> [Task item]
Copy every entry exactly, but skip the pictures.

> [Input data]
%%

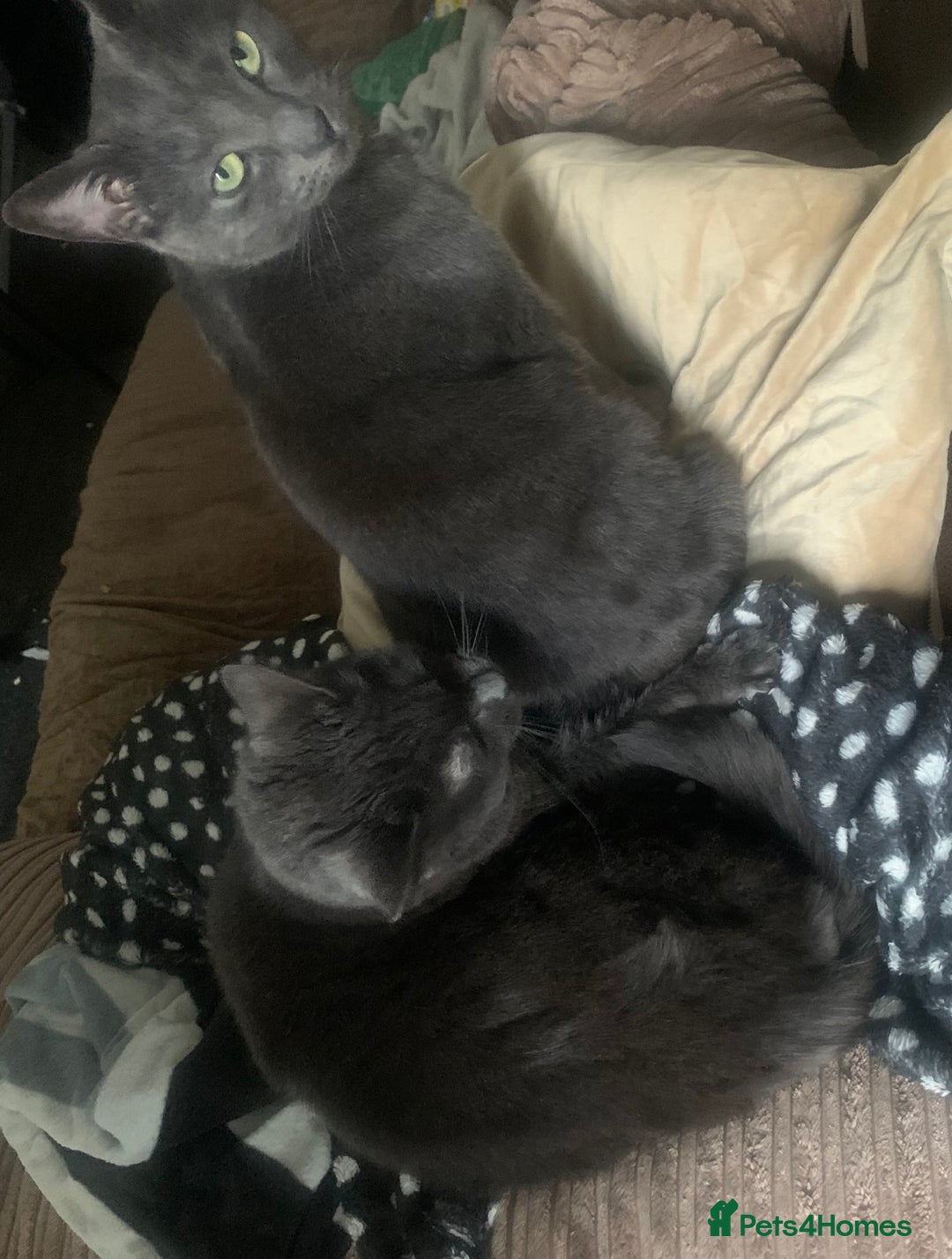 Russian Blue cats for sale: Russian Blue Mother and Daughter - Image 6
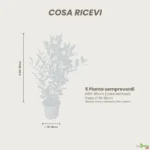 Siepe mista mediterranea 5 metri lineari dimensioni piante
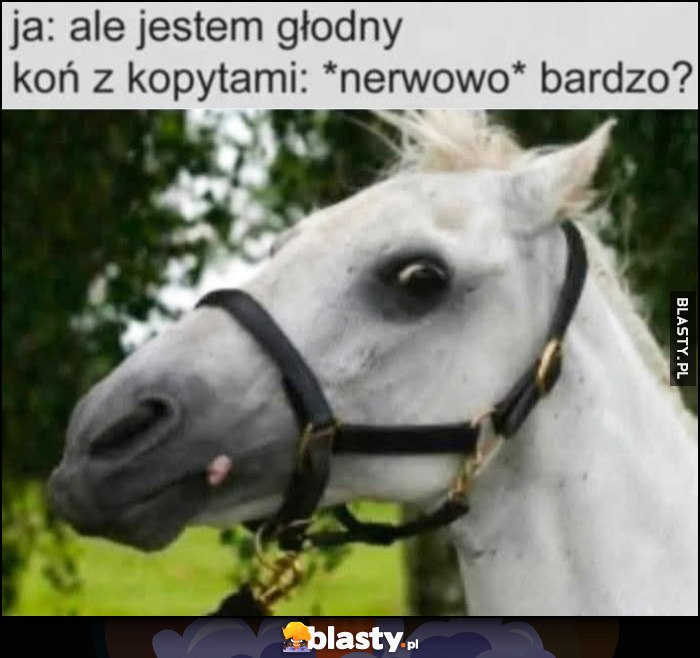 Ja: ale jestem głodny, koń z kopytami *nerwowo*: bardzo?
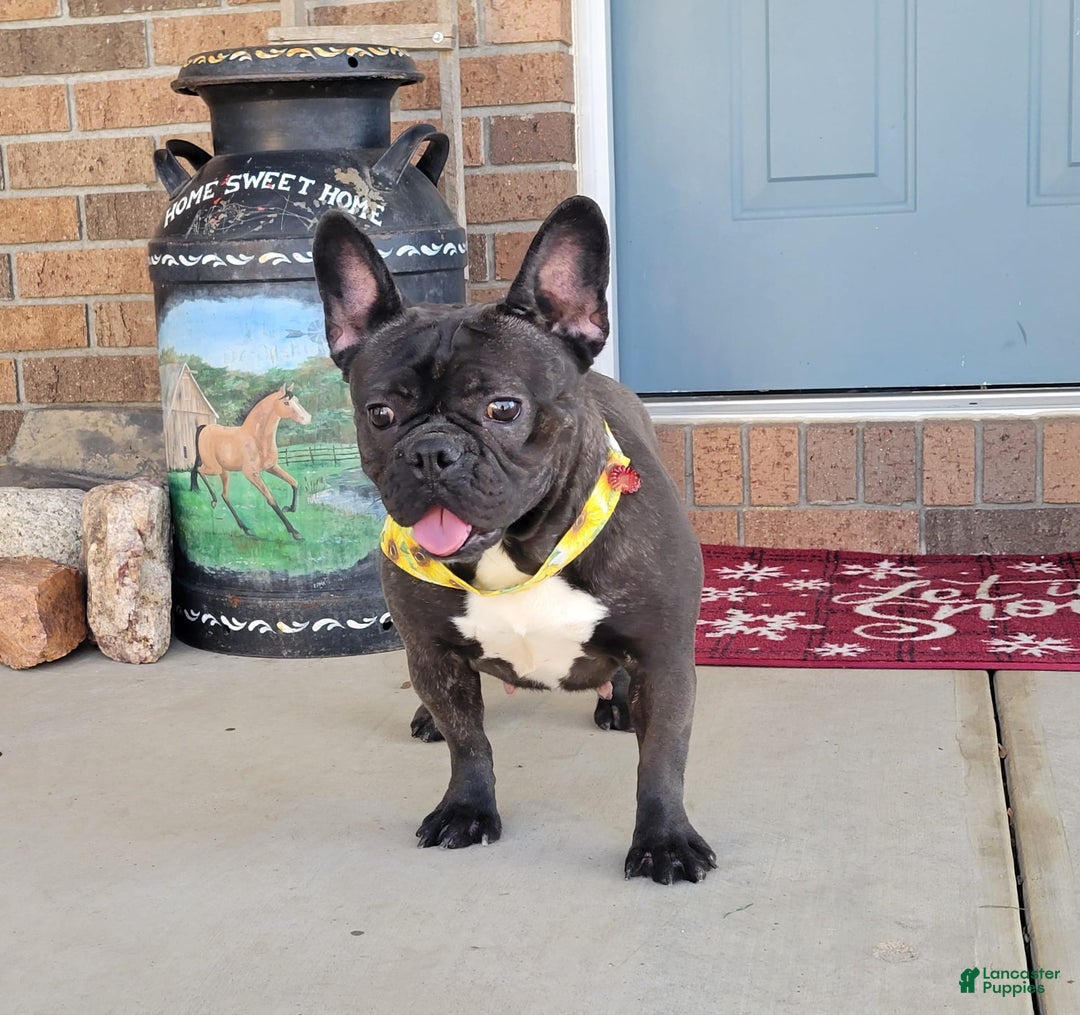 French Bulldog dogs for sale: Fido - Image 27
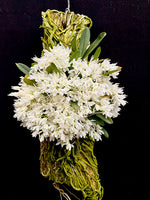 Carica l'immagine nel visualizzatore Galleria, Mystacidium braybonae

%%

> [Reply to the exercise]
 Russian Blue cats for sale: Russian Blue Mother and Daughter - Image 6
 Siepe mista mediterranea 5 metri lineari dimensioni piante
 Ja: ale jestem głodny, koń z kopytami *nerwowo*: bardzo?
 French Bulldog dogs for sale: Fido - Image 27
 Carica l'immagine nel visualizzatore Galleria, Mystacidium braybonae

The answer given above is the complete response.